There were opportunities to improve efficiency and equipment utilization as well. For example, job-to-job setup times ranged from two to eight hours. These times were not tracked, and were probably understated. A systematic setup reduction program with some minor equipment investments could reduce these setup times by 50-60%. In combination with a visual management system and better maintenance practices, we estimated that machine downtime could easily be cut in half, which would open up capacity.

The biggest concern emerging from the due diligence was the cultural fit of this acquisition, and how quickly it could be integrated. We recognized this potential pitfall based on our understanding of the deal thesis and direct experience with senior business leaders. 

The second acquisition’s management team, while highly experienced, was used to working for a hands-off owner. That would not be the case under the new leadership structure, which would demand accountability and steady business improvements. Future management conflicts could undermine performance and weaken the company’s relationship with its primary customer.

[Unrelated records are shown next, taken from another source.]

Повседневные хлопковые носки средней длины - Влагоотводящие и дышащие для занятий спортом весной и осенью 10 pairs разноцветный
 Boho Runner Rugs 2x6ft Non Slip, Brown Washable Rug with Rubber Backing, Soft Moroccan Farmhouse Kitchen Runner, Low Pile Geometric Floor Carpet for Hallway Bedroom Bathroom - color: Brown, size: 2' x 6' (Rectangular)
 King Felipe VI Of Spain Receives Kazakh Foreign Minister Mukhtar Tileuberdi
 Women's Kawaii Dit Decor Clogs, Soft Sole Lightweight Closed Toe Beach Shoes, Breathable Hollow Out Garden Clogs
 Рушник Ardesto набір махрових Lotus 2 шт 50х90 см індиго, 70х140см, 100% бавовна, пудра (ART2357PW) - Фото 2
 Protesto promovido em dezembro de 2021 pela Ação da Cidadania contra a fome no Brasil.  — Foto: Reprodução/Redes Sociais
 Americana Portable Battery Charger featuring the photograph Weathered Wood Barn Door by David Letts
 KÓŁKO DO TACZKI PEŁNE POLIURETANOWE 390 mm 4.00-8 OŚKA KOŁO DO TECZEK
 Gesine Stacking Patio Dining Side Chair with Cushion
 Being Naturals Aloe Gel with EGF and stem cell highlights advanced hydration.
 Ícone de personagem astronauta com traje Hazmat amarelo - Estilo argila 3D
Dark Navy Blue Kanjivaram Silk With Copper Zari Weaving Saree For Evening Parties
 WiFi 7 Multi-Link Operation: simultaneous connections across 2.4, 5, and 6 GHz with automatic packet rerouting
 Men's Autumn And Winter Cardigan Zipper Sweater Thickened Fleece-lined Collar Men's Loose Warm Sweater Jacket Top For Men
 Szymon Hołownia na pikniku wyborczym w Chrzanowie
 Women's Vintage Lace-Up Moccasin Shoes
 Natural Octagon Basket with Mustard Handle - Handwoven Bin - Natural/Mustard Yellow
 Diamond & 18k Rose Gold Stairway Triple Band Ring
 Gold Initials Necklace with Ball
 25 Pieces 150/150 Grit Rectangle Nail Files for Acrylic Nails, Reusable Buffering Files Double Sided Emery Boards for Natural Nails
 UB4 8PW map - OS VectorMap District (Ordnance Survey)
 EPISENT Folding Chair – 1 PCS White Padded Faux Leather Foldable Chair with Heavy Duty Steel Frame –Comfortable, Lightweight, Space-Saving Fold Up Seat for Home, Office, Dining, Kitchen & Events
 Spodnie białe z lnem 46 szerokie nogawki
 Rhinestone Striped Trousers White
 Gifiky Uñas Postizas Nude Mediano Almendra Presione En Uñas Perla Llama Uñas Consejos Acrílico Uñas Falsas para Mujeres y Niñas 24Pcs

Our final assessment of the company was favorable. According to our estimates, operating profit could be improved from around 12% to upwards of 19%, or by more than $11 million. 

Results: The company achieved the targeted improvements and an increase in EBITDA identified during the due diligence process.  This strengthened our credibility and client relationship, leading to similar engagement on subsequent acquisitions.

Our private equity client completed the second acquisition several months after the due diligence. TBM was then asked to help implement some of the recommended changes. Those implementations are still in the early to middle stages. We have encountered the anticipated difficulties, and tackled them accordingly. 

There were several advantages to TBM’s involvement throughout the lifecycle of these private equity investments. We quickly recognized the cultural disconnects and consolidation opportunities. When the deals were finalized, not much time was required to step in and begin to work with operational leaders on the targeted changes. 

Working together over the years on these engagements has generated a great deal of trust and openness. We clearly understand our client’s objectives, and give them our unfiltered assessment of what is actually possible, and they believe it because we’ve consistently delivered. 

In this example, when we did end up encountering cultural resistance to the proposed changes—because it had been anticipated, and the value had been clearly communicated—the CEO stepped in personally to make sure the improvements were made. 

Identifying the potential, then helping realizing it. Doing what you say you’re going to do. Delivering when you say you’re going to deliver. It doesn’t get any more fundamental—and effective—than that.